From passwords and two-factor authentication to passkeys and magic links, login flows are essential gatekeepers of digital life. Yet for many users—especially people with disabilities—these flows can become frustrating or even impossible barriers. This review synthesizes the best available literature, guidelines, and expert commentary into a single narrative: what we know, what we don’t, and what to do next.

Why Accessibility in Authentication Matters

Authentication is often the very first interaction a user has with a digital product. If it fails to be inclusive, users may never get through the door. The Web Content Accessibility Guidelines (WCAG) 2.2 added two success criteria directly addressing this problem: Accessible Authentication (Minimum) and Accessible Authentication (Enhanced). These require that at least one login method must not demand cognitive function tests—such as memorizing or transcribing secrets—without alternatives.

This aligns with the NIST Digital Identity Guidelines (SP 800-63B), which explicitly include usability and equity considerations. Security that people cannot use is not security at all.

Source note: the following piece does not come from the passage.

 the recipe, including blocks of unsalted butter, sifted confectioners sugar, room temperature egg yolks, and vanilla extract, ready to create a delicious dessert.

Accessibility and usability are no longer optional extras; they are part of the baseline requirement.

What the Research Community Has Found

• Passwords and dyslexia: A study by Ophoff et al. (2021) shows that password recall and transcription impose disproportionate barriers on users with dyslexia.
• 2FA usability experiments: Reese et al. (2019) evaluated five types of two-factor authentication in a two-week field study. They found significant differences in setup complexity, day-to-day usability, and error rates.
• Consistency gaps: Lyastani et al. (2023) surveyed 2FA across top websites and found inconsistent terminology, UI, and placement.
• Screen reader authentication: Recent work by Akanda et al. (2025) reveals how OTPs, push approvals, phone calls, and even FIDO flows break down for screen reader users.
• Meta-analyses of MFA: Das et al. (2019) reviewed 623 multi-factor authentication papers and found that fewer than 10% included user-focused evaluation.

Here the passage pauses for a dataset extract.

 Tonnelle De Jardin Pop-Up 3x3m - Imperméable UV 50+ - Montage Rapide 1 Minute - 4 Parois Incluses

Outside academia, practitioners like the Nielsen Norman Group have shown that passwordless systems (like passkeys and OTPs) can reduce friction, but they still need careful attention to context, connectivity, and recovery flows.

Comparing Methods

Passwords

Passwords remain the default but are fraught with accessibility problems. Users must remember them, type them accurately, and often meet arbitrary complexity rules. People with dyslexia, cognitive impairments, or motor disabilities are disproportionately burdened. Simple design choices help: allowing users to paste their passwords into password fields can ensuring compatibility with password managers, providing a “show password” toggle, and not enforcing position-based character entry can go a long way. WCAG explicitly calls out paste-blocking as a failure.

One-Time Passcodes (OTPs)

OTPs delivered via SMS or authenticator apps are common as a second factor. They improve security but create hurdles: codes expire quickly, require transcribing between devices, and can be visually or motor challenging. Mitigations include supporting autofill, announcing countdown timers for screen readers, and providing alternatives such as push approvals. The UK’s NCSC encourages phishing-resistant alternatives when possible.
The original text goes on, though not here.